3. Mike McDermott (Rounders, 1998)
The movie that spawned a generation of good but mostly bad Texas Hold 'Em players who think wearing sunglasses inside a casino is the key to success. Yes, Rounders is a slick and revealing film about card sharks and underground poker houses, but it's the nuggets of wisdom that Damon and company intersperse throughout that make the movie. Anyone can tell a riveting story about the highs and lows of poker players. But what about the reality of a player like Mike, who is so addicted to the game that he chooses cards over lovers and forfeits his burgeoning career in law to sit in a room with a bunch of strangers for hours on end? Rounders neither disses nor praises gambling. It just lays it all out and lets the chips fall as they may.
2. Will Hunting (Good Will Hunting, 1997)
Each viewing of Gus Van Sant's masterpiece is just another reminder of how spellbindingly earnest this movie is. Damon, who won an Academy Award for co-writing the film with Ben Affleck, speaks from the heart in every single scene. Even as he's pushing away Robin Williams's bearded and bespectacled therapist, you understand the gut reaction, the instinct to escape pain, to run away and pretend like it doesn't exist. Will Hunting is a secret genius, but he's also just another insecure and afraid 20-something who desperately wants to be happy.

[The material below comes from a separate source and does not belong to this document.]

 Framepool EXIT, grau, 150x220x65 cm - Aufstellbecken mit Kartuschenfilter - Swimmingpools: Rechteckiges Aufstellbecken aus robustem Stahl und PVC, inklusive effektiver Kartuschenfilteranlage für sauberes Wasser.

1. Mark Whitacre (The Informant!, 2009)
Hear us out: Damon truly delivers the most dynamic performance of his career in this Steven Soderbergh seriocomedy. Mark serves as an FBI informant, leaking his company's illegal activity to the government. Through his voice-over, the movie overwhelms viewers with comic observations about the mundane. There are more laughs in The Informant than 99% of all American comedies made these days, and its dramatic undertones work, too: watching Mark unravel as his lies stack up is difficult to stomach. Once again, Damon turns a criminal -- a man causing harm to his fellow citizens -- into a sympathetic hero. He's a pathological liar, yet you still want to believe everything he says.